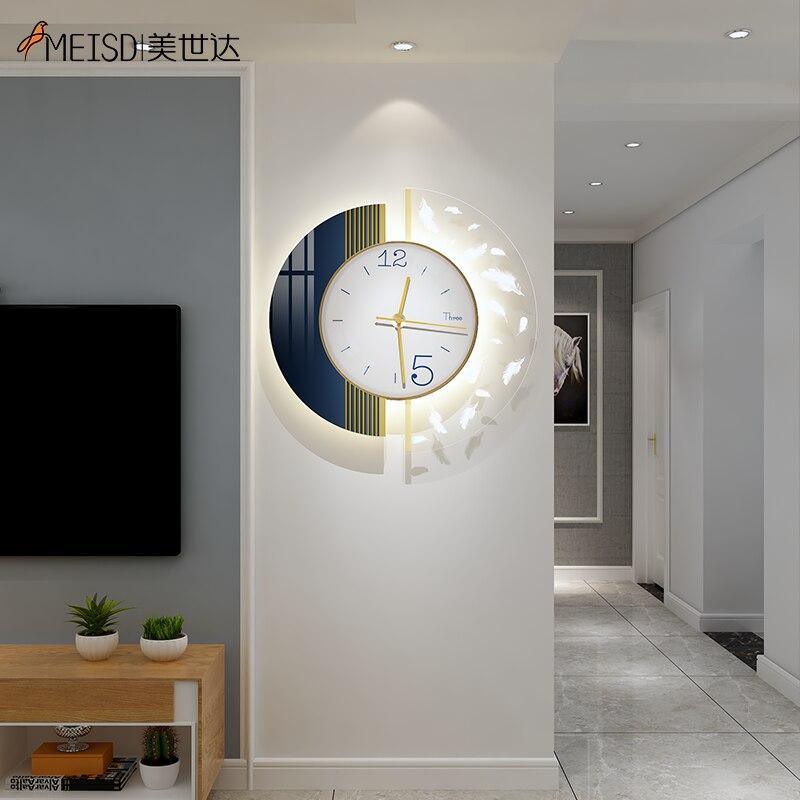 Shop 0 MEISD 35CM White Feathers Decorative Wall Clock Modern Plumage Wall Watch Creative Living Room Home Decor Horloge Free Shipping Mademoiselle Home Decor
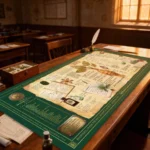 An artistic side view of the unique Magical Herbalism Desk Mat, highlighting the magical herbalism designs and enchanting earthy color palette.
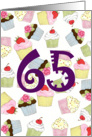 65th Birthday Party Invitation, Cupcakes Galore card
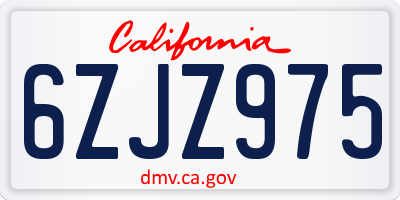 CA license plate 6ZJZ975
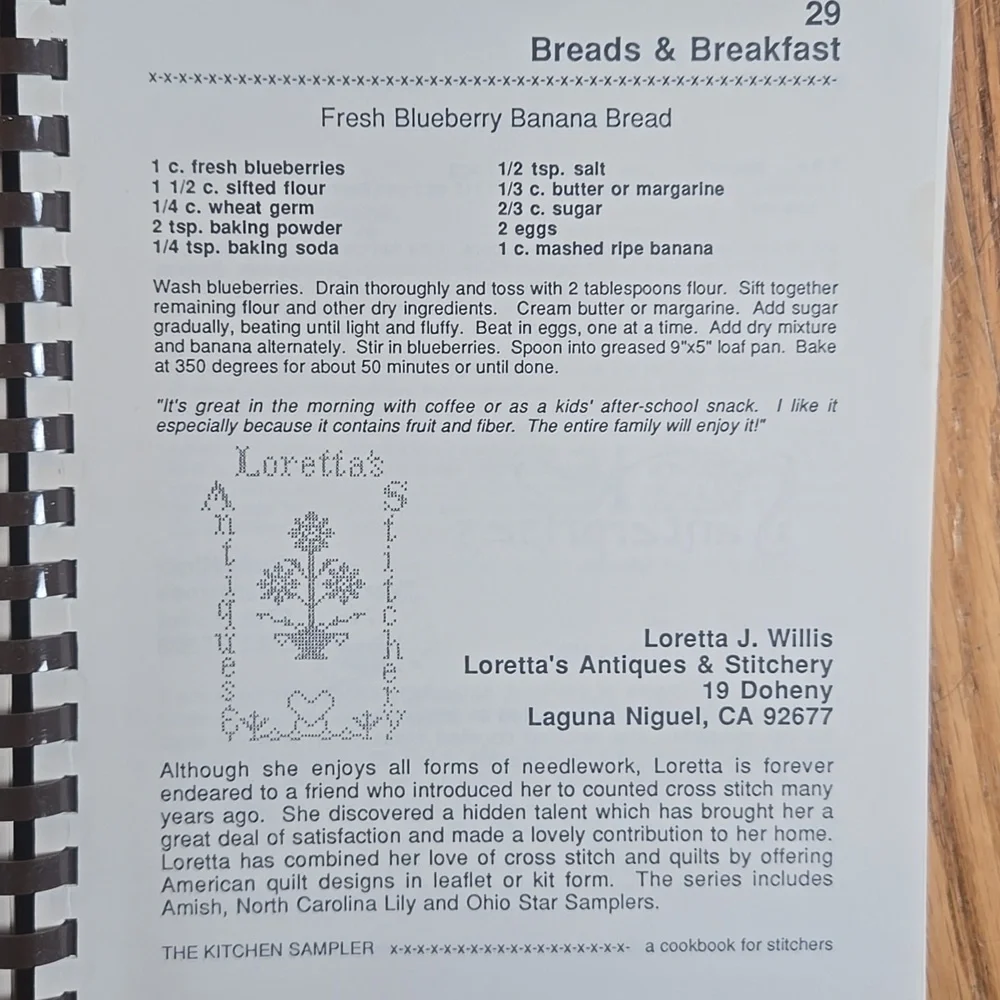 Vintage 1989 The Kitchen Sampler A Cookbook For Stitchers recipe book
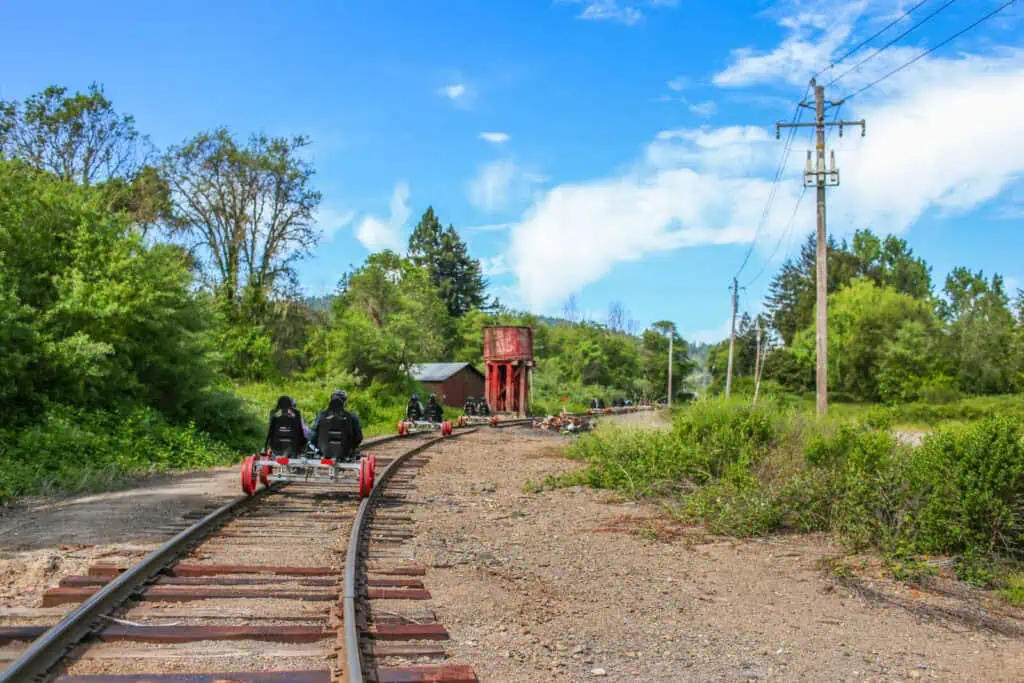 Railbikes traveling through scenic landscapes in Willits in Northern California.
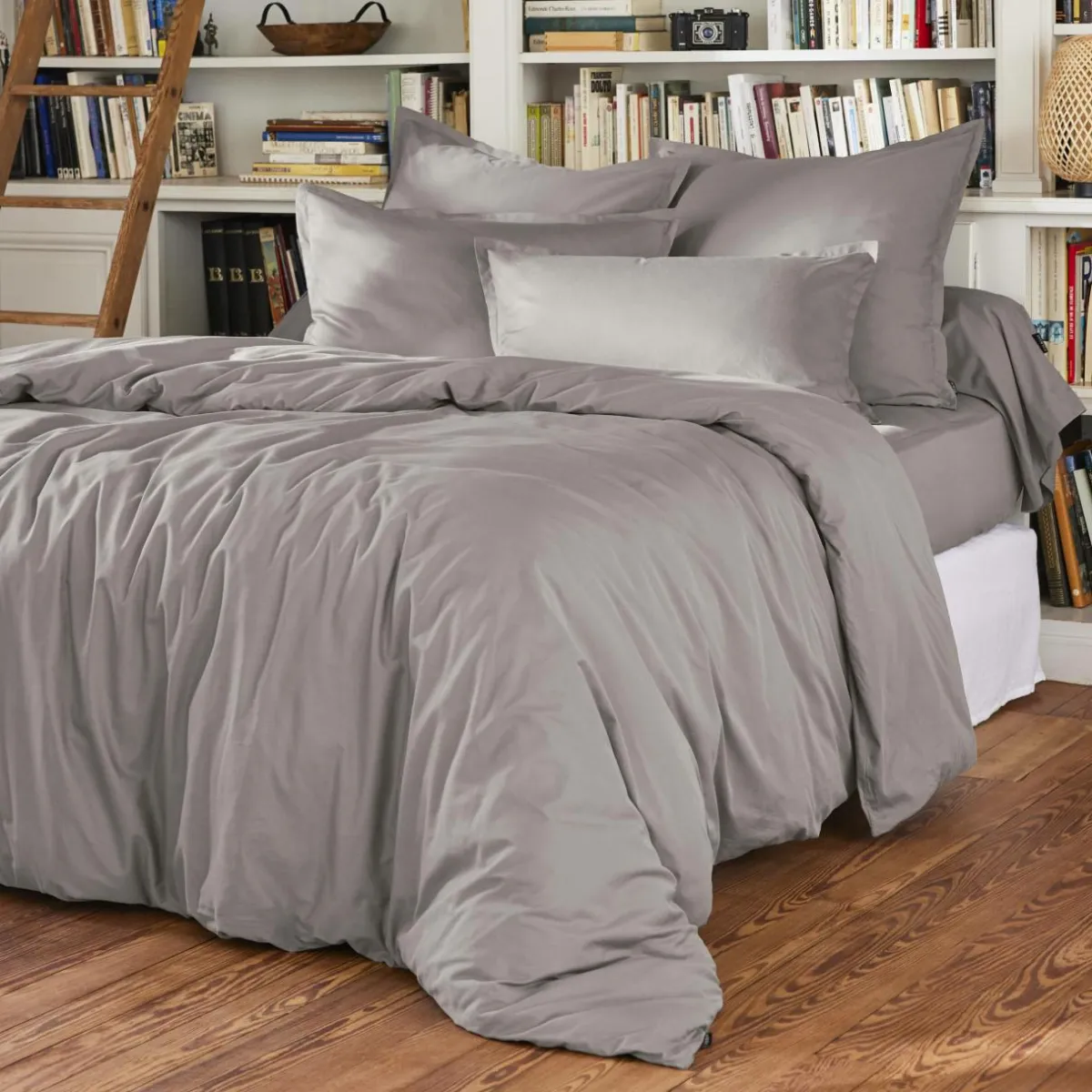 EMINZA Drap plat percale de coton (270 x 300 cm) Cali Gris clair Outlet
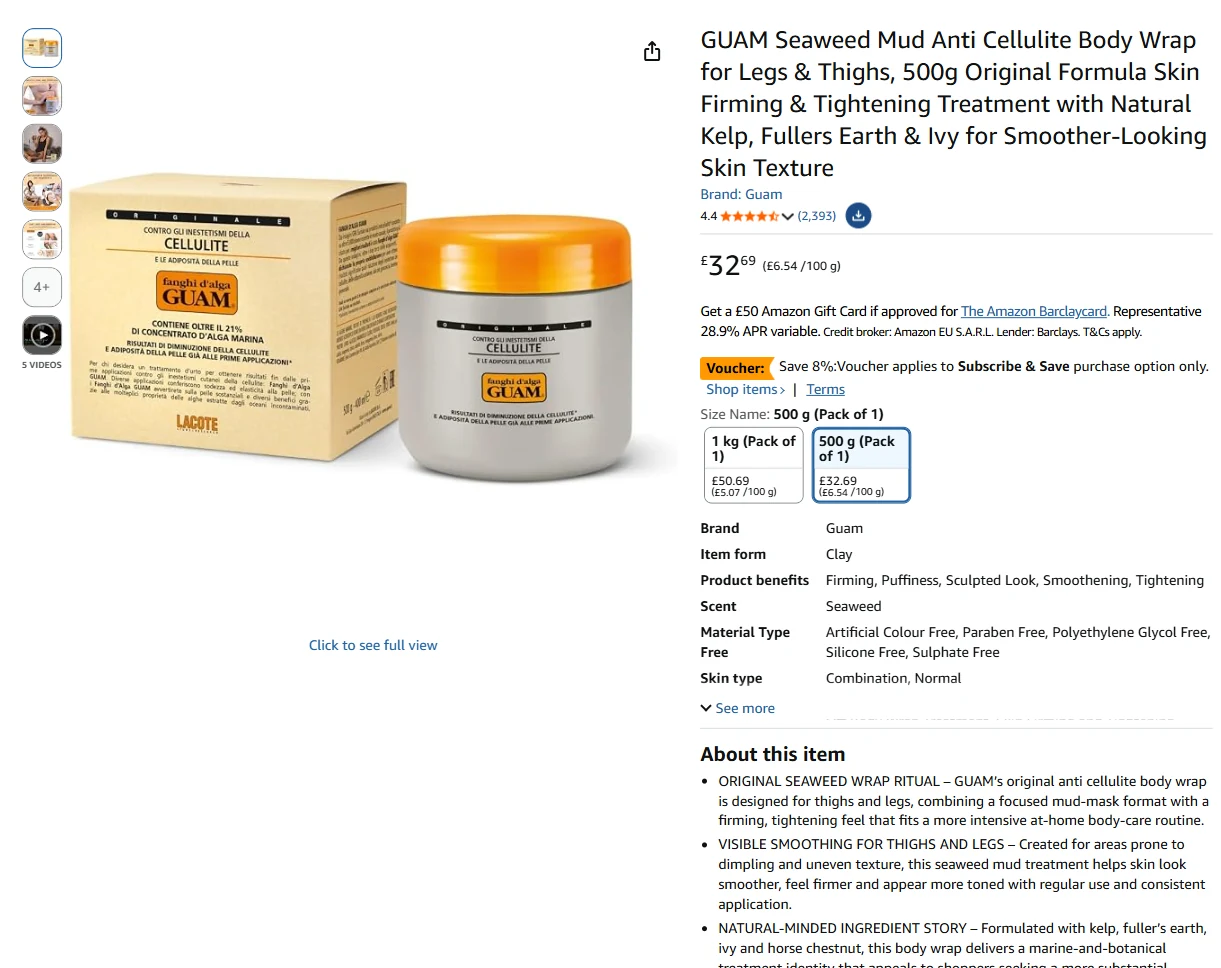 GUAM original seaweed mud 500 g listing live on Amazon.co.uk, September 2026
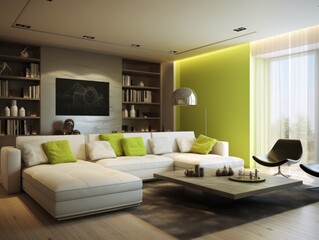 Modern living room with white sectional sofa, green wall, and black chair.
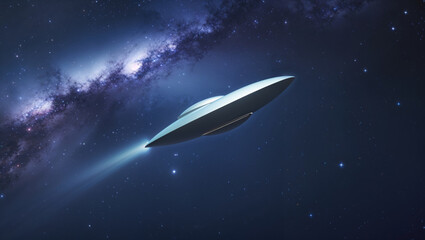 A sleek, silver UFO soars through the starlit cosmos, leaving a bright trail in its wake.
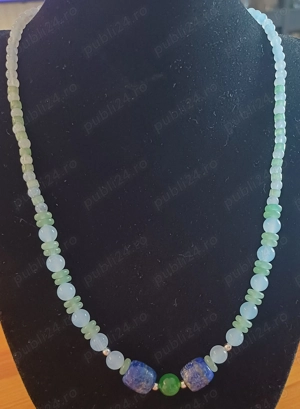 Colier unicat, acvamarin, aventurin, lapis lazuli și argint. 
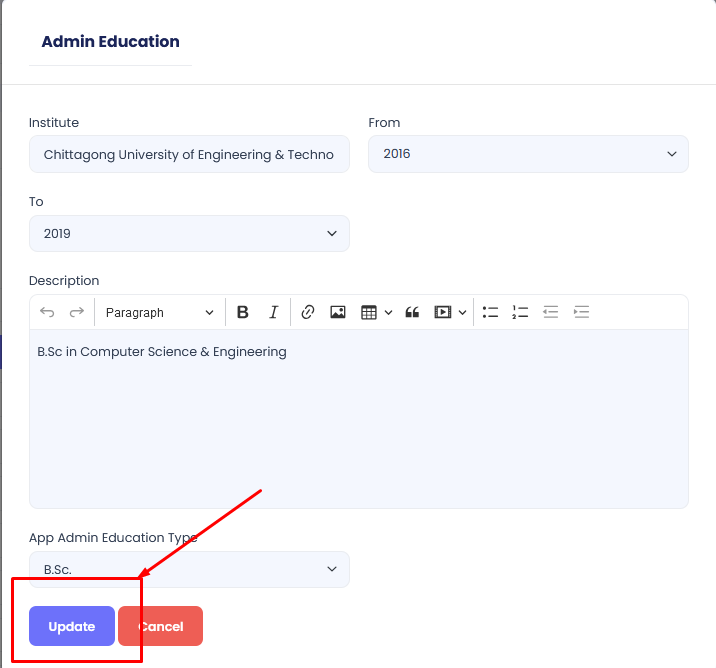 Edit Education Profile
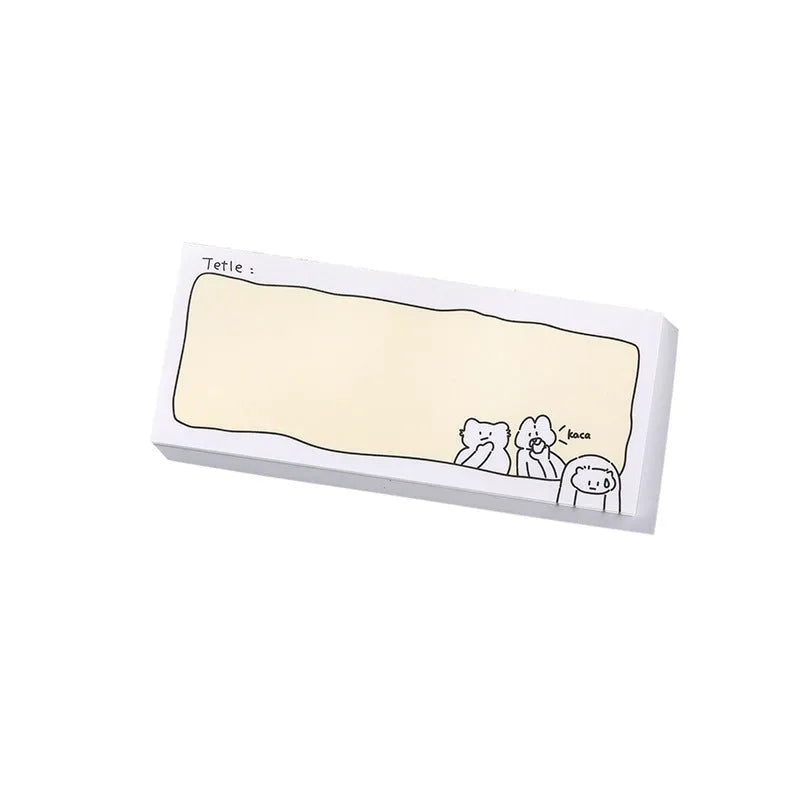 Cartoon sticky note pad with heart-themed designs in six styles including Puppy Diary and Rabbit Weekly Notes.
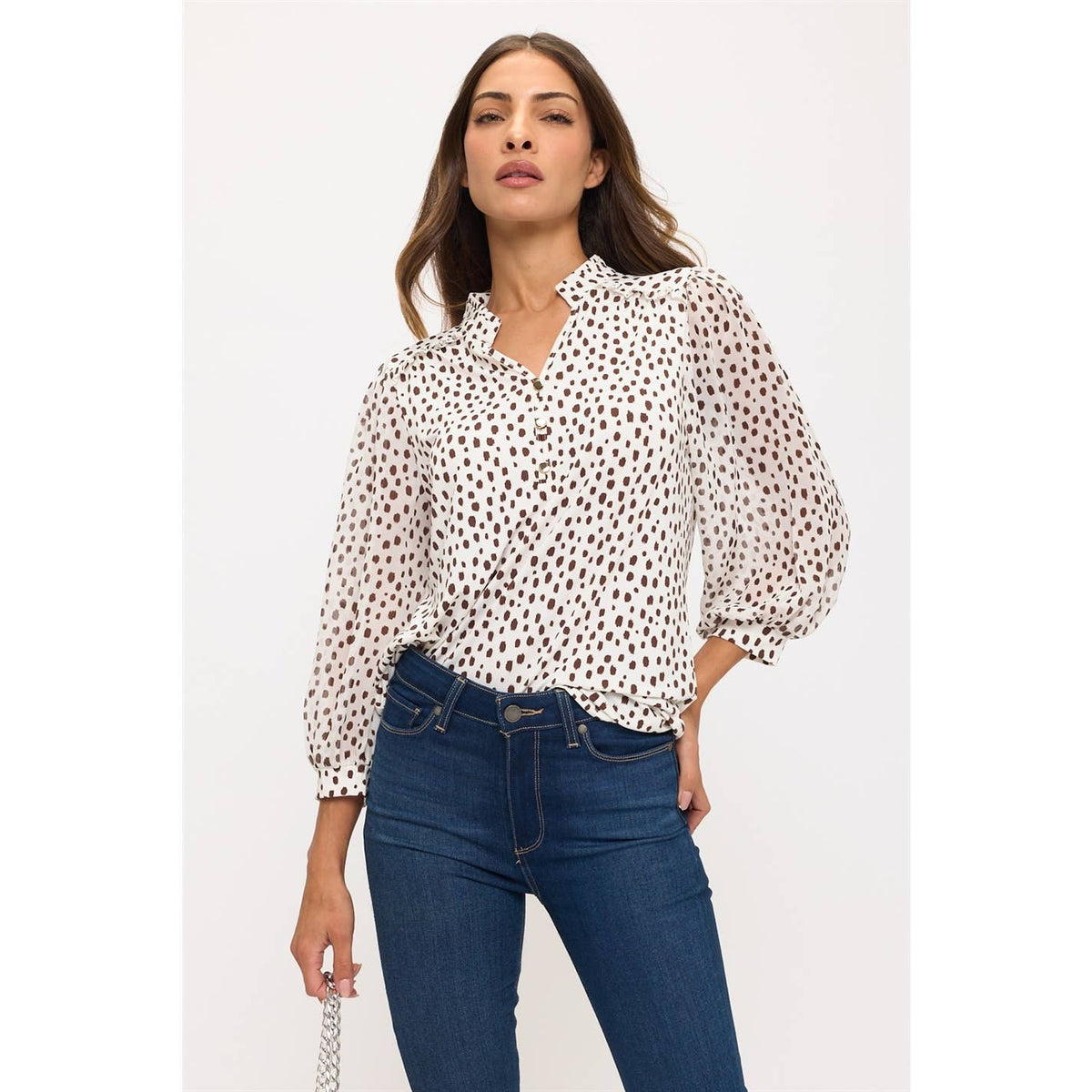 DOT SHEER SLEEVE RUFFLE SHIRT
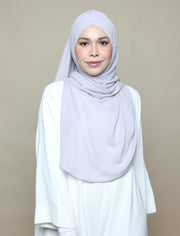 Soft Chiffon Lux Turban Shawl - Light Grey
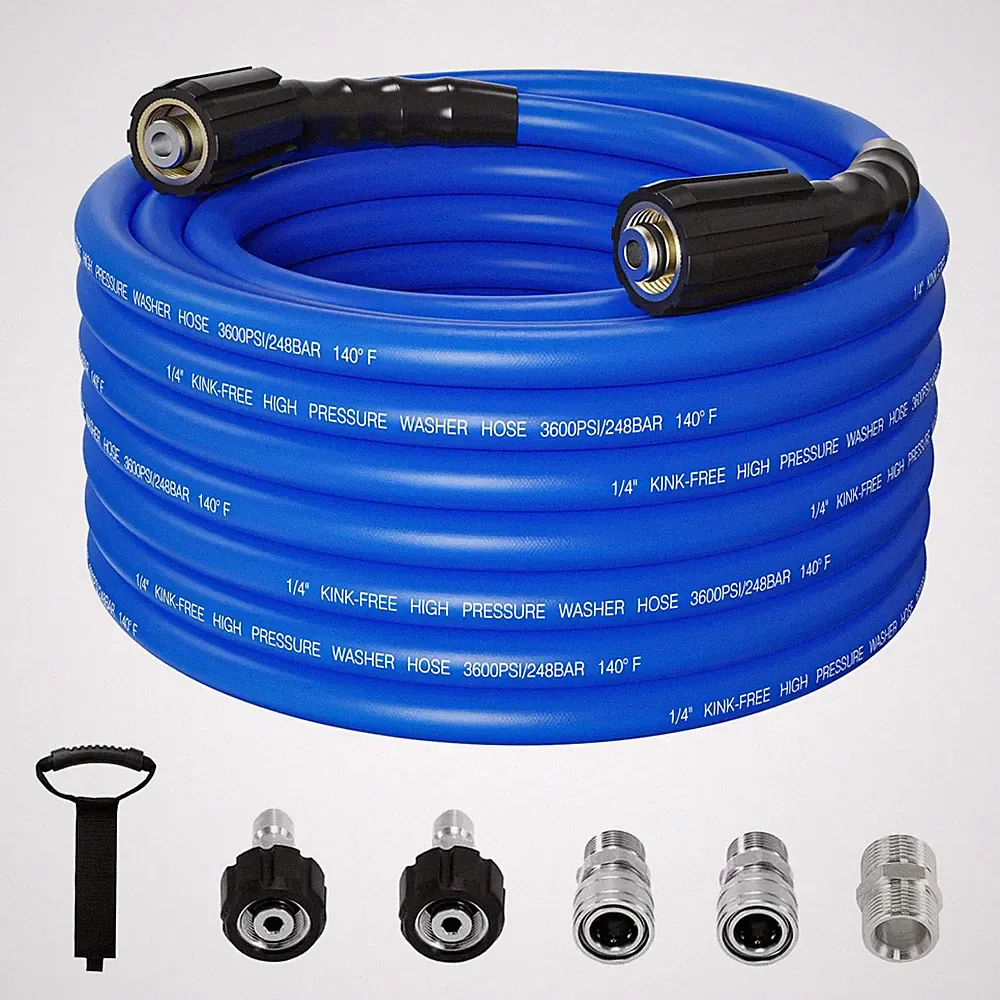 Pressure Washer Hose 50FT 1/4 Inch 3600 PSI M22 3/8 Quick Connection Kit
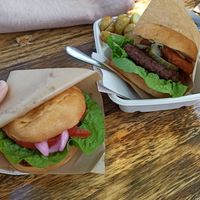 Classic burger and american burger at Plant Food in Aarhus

Directions for this task: Using the data above, output the line that has "Vintage 1989 The", the line that has "EMINZA Drap plat", and whatever lines fall between, each exactly as it stands and without pictures.

Result below:
 Vintage 1989 The Kitchen Sampler A Cookbook For Stitchers recipe book
 Railbikes traveling through scenic landscapes in Willits in Northern California.
 EMINZA Drap plat percale de coton (270 x 300 cm) Cali Gris clair Outlet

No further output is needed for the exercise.